### Exercise material ###

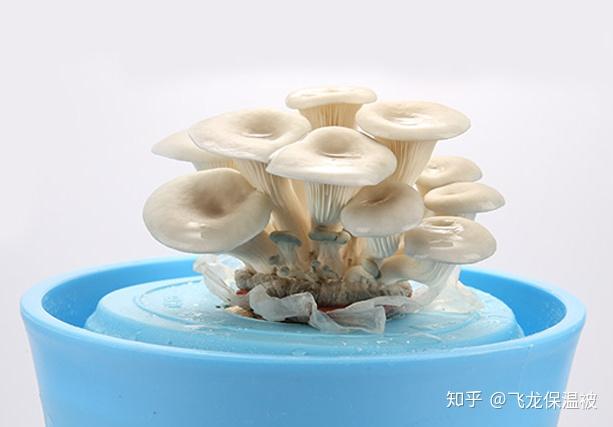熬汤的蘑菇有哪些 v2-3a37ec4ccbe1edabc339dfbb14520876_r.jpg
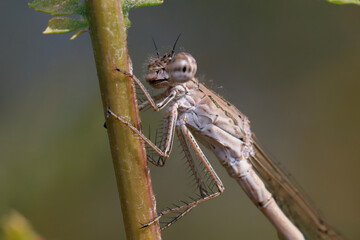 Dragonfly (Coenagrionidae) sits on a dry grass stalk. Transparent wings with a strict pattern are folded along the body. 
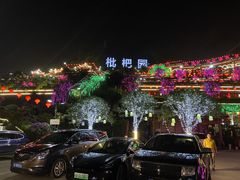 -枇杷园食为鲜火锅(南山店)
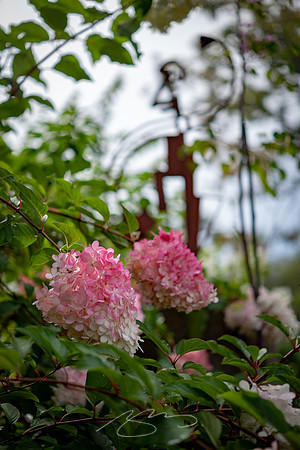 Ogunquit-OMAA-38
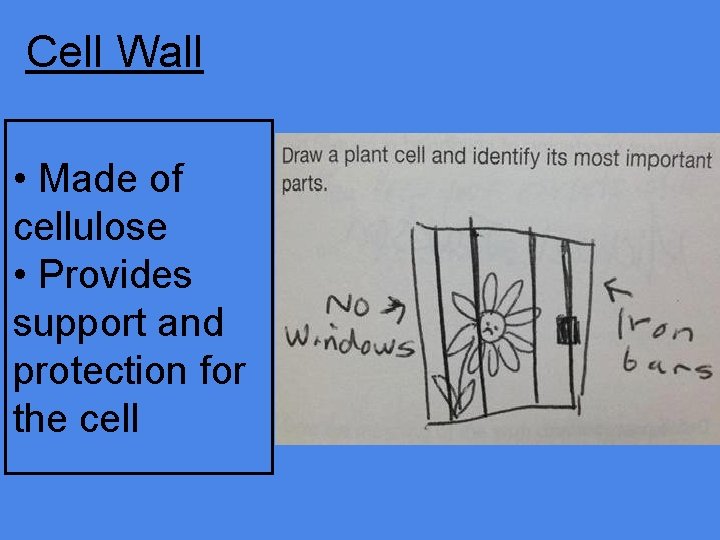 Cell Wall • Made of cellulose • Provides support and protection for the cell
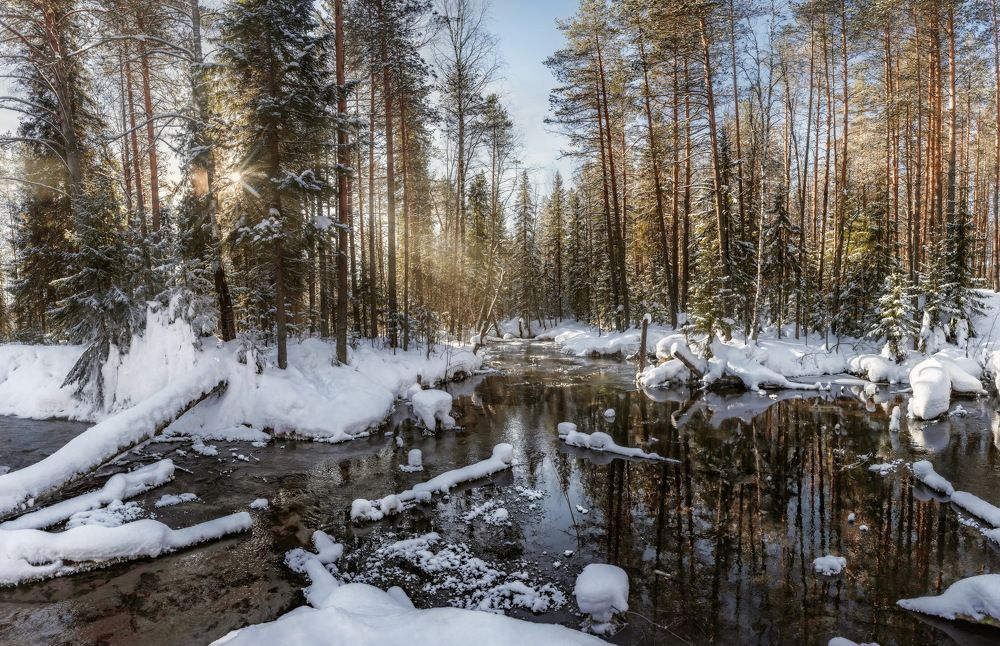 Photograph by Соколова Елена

###
### Exercise material ###

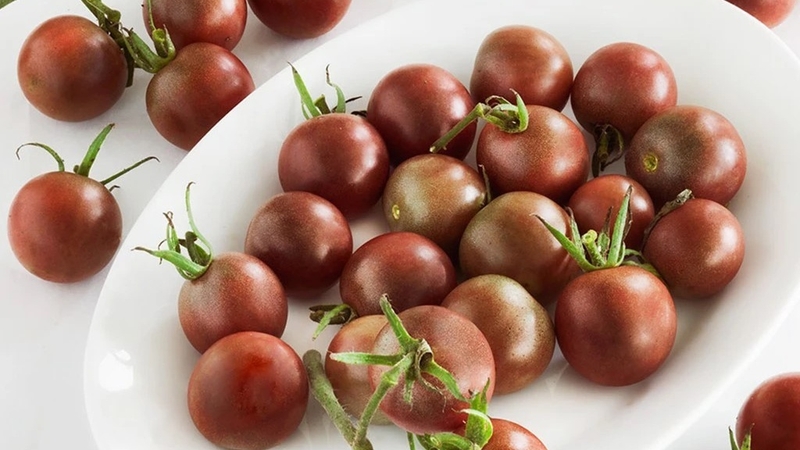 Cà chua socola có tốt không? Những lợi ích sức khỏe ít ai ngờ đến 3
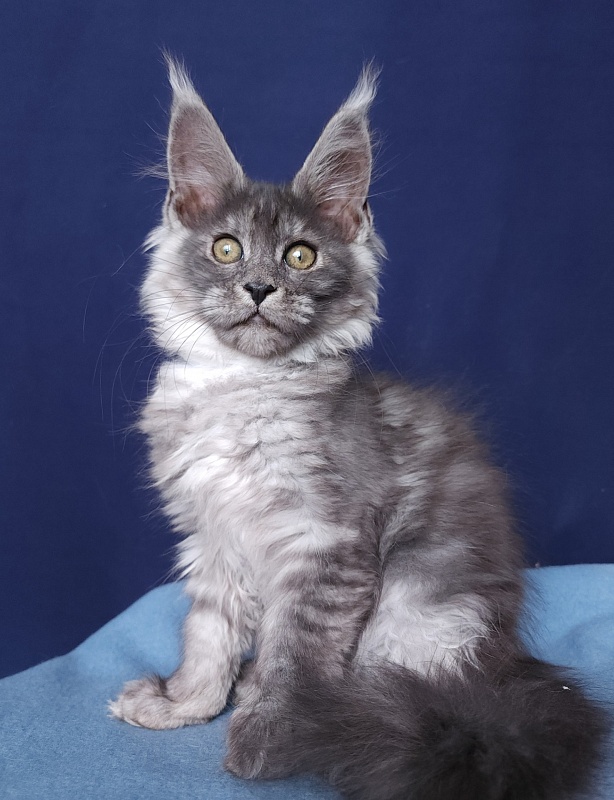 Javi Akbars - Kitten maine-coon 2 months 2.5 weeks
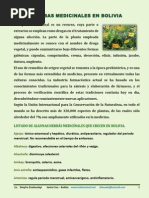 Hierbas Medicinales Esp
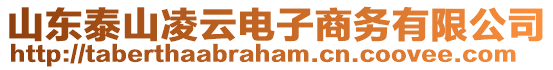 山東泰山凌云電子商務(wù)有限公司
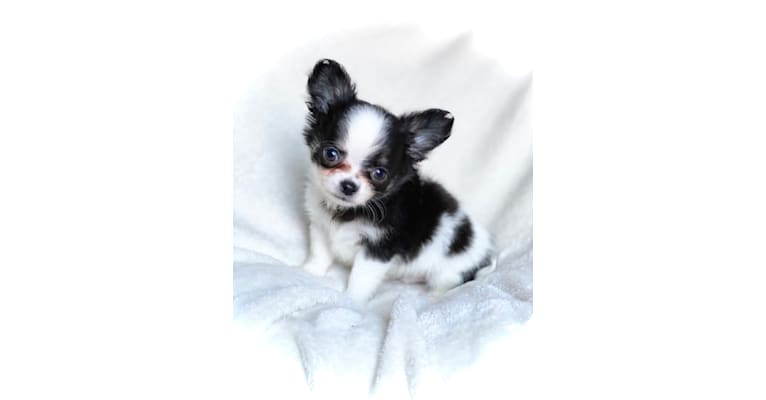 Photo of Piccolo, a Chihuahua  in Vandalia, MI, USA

###

**What to do**
Reproduce the entries exactly, from the line with "熬汤的蘑菇有哪些 v2-3a" to the line with "Photograph by Соколова Елена", both lines included, keeping no pictures.

**Answer below**
熬汤的蘑菇有哪些 v2-3a37ec4ccbe1edabc339dfbb14520876_r.jpg
 Dragonfly (Coenagrionidae) sits on a dry grass stalk. Transparent wings with a strict pattern are folded along the body. 
 -枇杷园食为鲜火锅(南山店)
 Ogunquit-OMAA-38
 Cell Wall • Made of cellulose • Provides support and protection for the cell
 Photograph by Соколова Елена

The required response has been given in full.